We will now move to the datasets used to train transferable interatomic potentials. As a starting example, we will look at pre-training to the multiple levels of theory (ωB97x/ 6-31G* and ωB97x/ def2-TZVPP) contained in the ANI-1x dataset14. We will then retrain to the ANI-1ccx dataset14. Figure 5 shows the distribution in error when pre-training to multiple levels of theory with meta-learning and k = 1. The RMSE is 3.30 ± 0.10 kcal mol−1 and 2.39 ± 0.00 kcal mol−1 for k = 1 and meta-learning respectively. Therefore, we can again see that meta-learning with a higher k values improves results compared to k = 1. The comparative results for direct training to ωB97x/ 6-31G* and ωB97x/ def2-TZVPP and then transfer learning to CCSD(T) is 2.20 ± 0.01 kcal mol−1 and 2.09 ± 0.02 kcal mol−1 respectively.
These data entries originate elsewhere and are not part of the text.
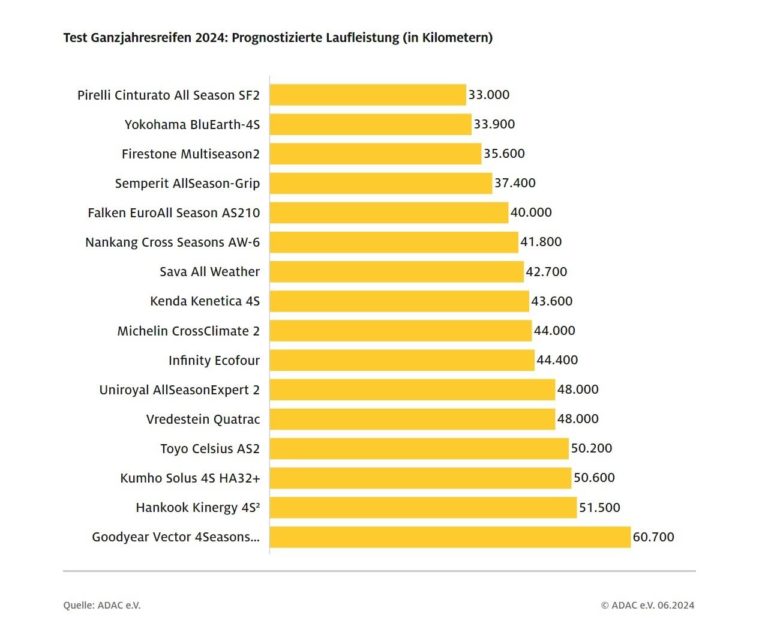 Risultati test durata pneumatici 4 stagioni e quanti km si possono fare.jpg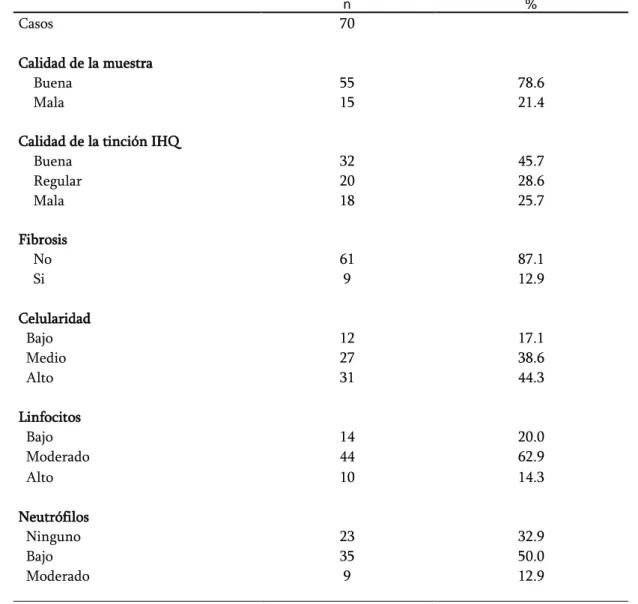 Tabla 2. Calidad de la muestra y de la tinción inmunohistoquímica     n  %  Casos  70  Calidad de la muestra  Buena  55  78.6  Mala  15  21.4 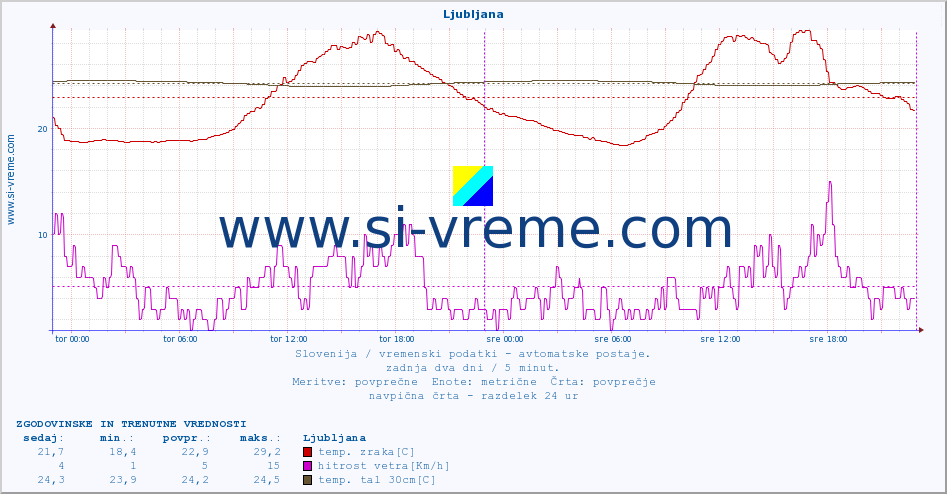 POVPREČJE :: Ljubljana :: temp. zraka | vlaga | smer vetra | hitrost vetra | sunki vetra | tlak | padavine | sonce | temp. tal  5cm | temp. tal 10cm | temp. tal 20cm | temp. tal 30cm | temp. tal 50cm :: zadnja dva dni / 5 minut.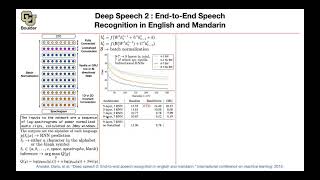 Deep Speech 2 | Lecture 75 (Part 3) | Applied Deep Learning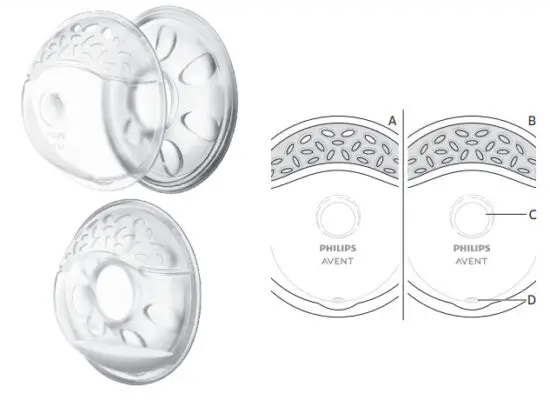 PHILIPS SCF157 02 Comfort Breast Shells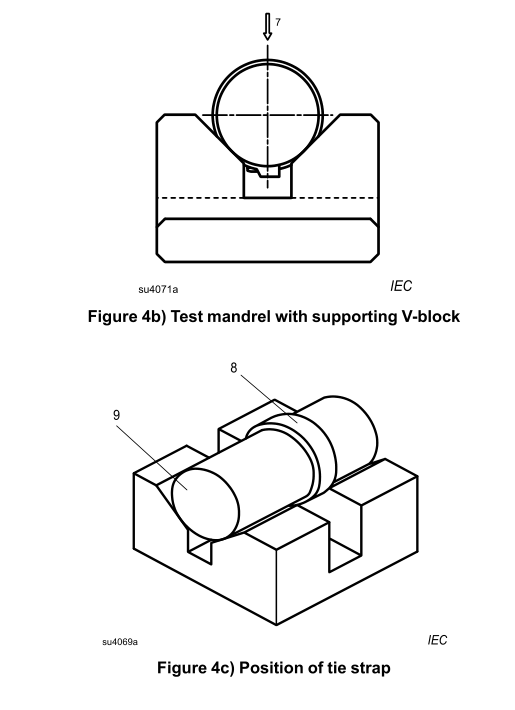 UL 62275 Figure 4b & 4c Test Mandrel with Supporting V-block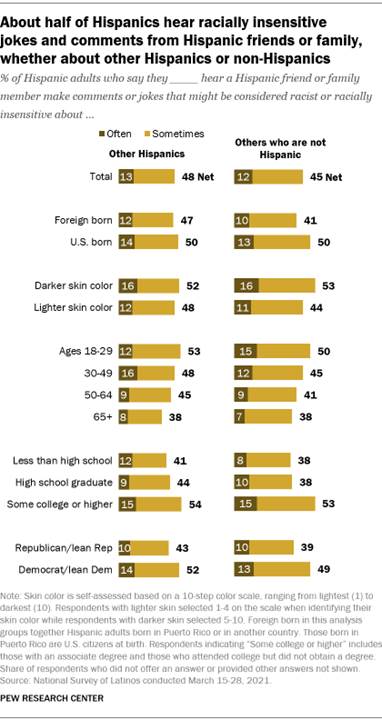 A bar chart showing that about half of Hispanics hear racially insensitive jokes and comments from Hispanic friends or family, whether about other Hispanics or non-Hispanics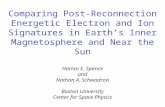 Comparing Post-Reconnection Energetic Electron and Ion Signatures in Earth’s Inner Magnetosphere and Near the Sun Harlan E. Spence and Nathan A. Schwadron.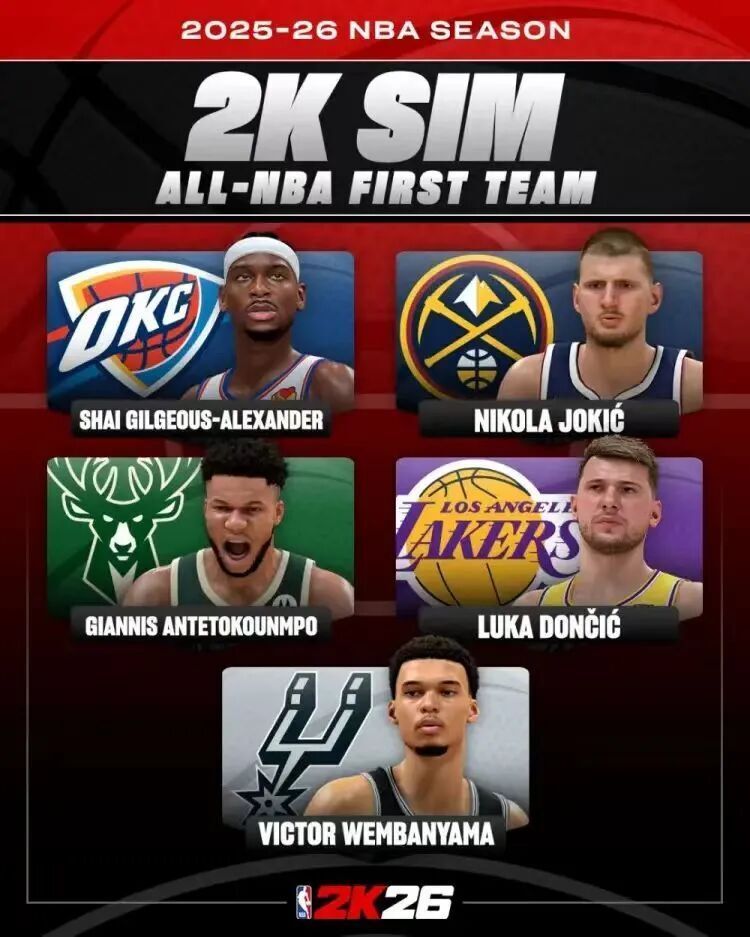 单打, 常规赛的上, gtimg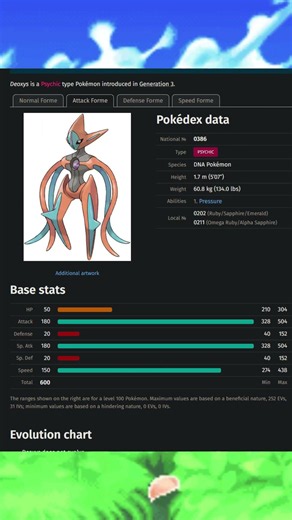 Top 5 Highest Attack Stats among Psychic Type Pokémon #shorts #pokemon #types #ranking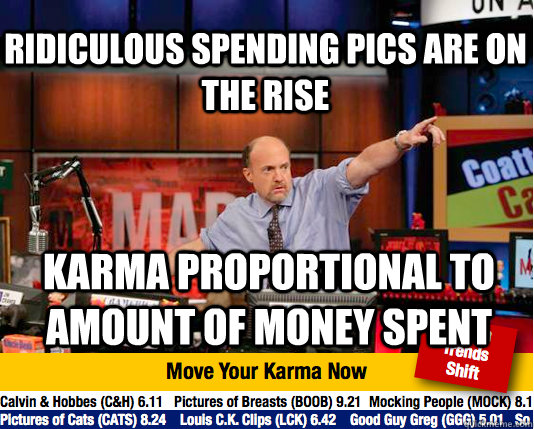 ridiculous spending pics are on the rise karma proportional - Mad Karma with Jim Cramer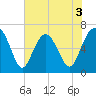 Skull Creek South tide chart for Wednesday, June 3, 2026
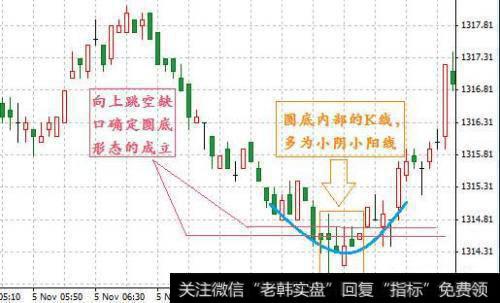 圆弧底形态的投资技巧有哪些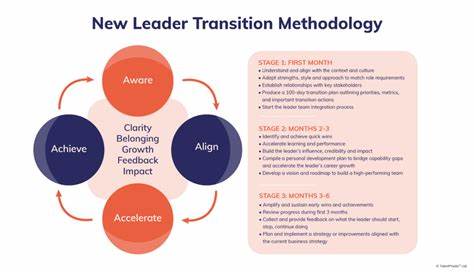 Here's how you can navigate the challenges of transitioning to leadership roles in Web3 companies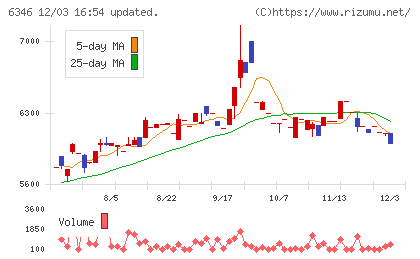キクカワエンタープライズチャート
Therefore, in this case fitting to multiple datasets does not improve results over fitting to just one. This is in part because both datasets contain the same structures and cover the same chemical and configurational space. The potential trained to multiple organic datasets was also refit to the CCSD(T) dataset and the benefits of meta-learning over k = 1 were also seen with errors of 2.89± and 3.32±, respectively. However, this is notably higher than training to the ANI-1x dataset alone. The CCSD(T) dataset is a subset of the ANI-1x dataset and contains identical structures. For these cases, adding additional data in other areas of chemical space may not improve results.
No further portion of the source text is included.